# Lack of reports?



## bowhunter19 (Sep 15, 2009)

Is it me or has there been barely any reports being posted on here lately? I use to love seeing all the pictures and stories from the days hunt


Sent from my iPhone using Ohub Campfire


----------



## craigrh13 (Oct 24, 2011)

Everyone keeps it a big secret anymore. Especially the bingo guys. I will share my personal reports on wherever I hunt. If someone gives me a report via PM, then it stays between them and I.


----------



## QuackerWhacker (Oct 9, 2007)

When your long favored places to hunt become overrun from seeing it mentioned on the internet, it really discourages reports.


----------



## craigrh13 (Oct 24, 2011)

That certainly is understandable. Not much can be done about all the new duck commander wannabes. I've personally experienced smaller party numbers on average this year.


----------



## Critter (Mar 3, 2006)

Every time anybody posts anything some a-hole picks a stupid fight. I never put my hunt reports up cause the armchair commandos always find something to gripe about.


----------



## spoonfed (Jan 8, 2011)

Critter said:


> Every time anybody posts anything some a-hole picks a stupid fight. I never put my hunt reports up cause the armchair commandos always find something to gripe about.

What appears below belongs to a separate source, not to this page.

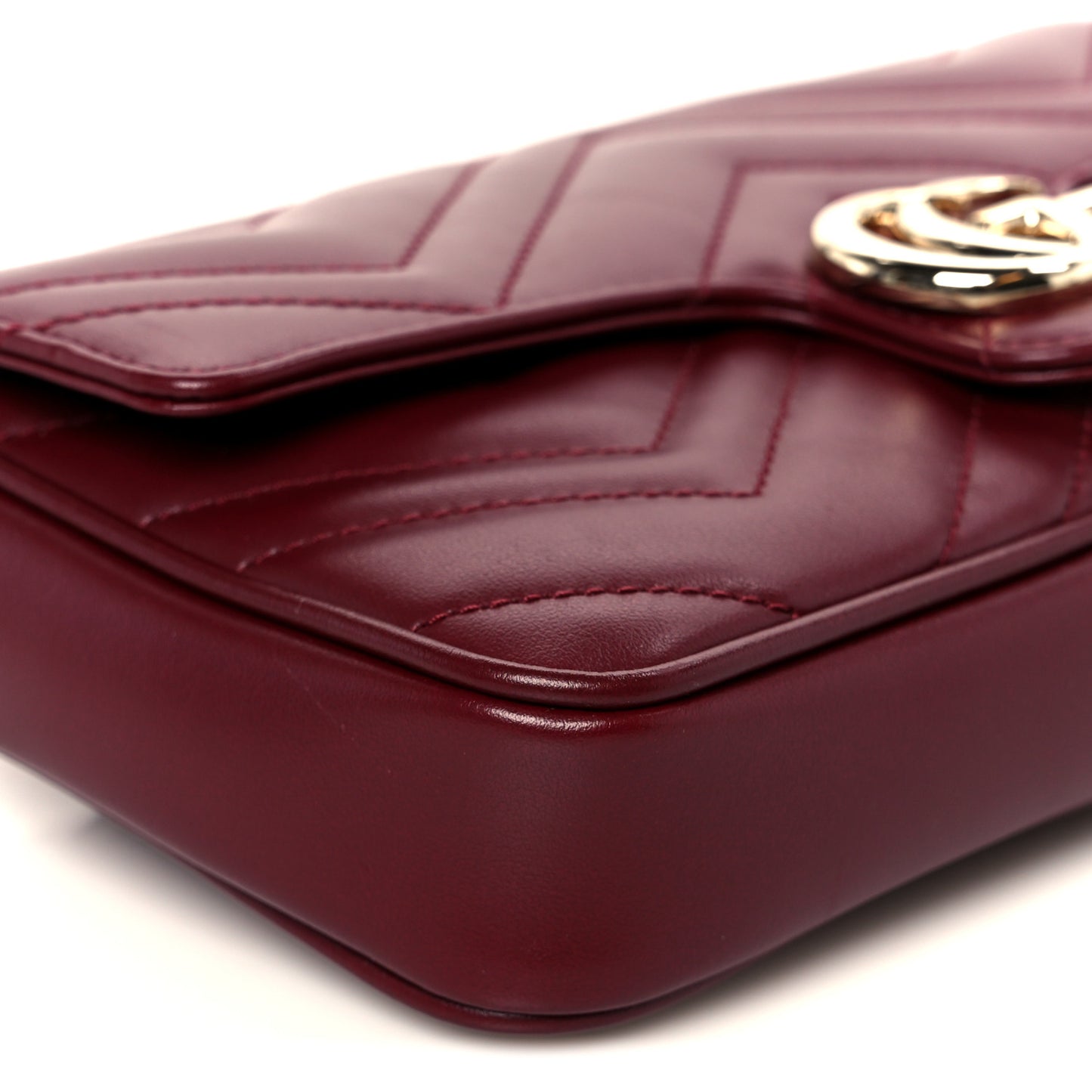 Calfskin Matelasse Mini GG Marmont Shoulder Bag With Card Holder Rosso Ancora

Bingo. Same in fishing forums to. Get sick of the ridicule for this or that. Too many couch hunters and fishers wanting handouts and too many people bashing everything you anyone does or says...


----------



## zx10r2004 (Sep 24, 2005)

I put very little reports on here! Been screwed over too many times!!! I have help out but PM 's only!! If you are not a Regular I don't respond! 


Sent from my iPhone using Ohub Campfire


----------



## Kingcrapp (Jan 6, 2009)

For my crew, it's simple. Our fields are not cut or didn't get planted. Divers are just starting to show up. Past few years we haven't had much success early. However, back in 2004-2008 we had great success the 1st few weeks of the season. So not much to report today.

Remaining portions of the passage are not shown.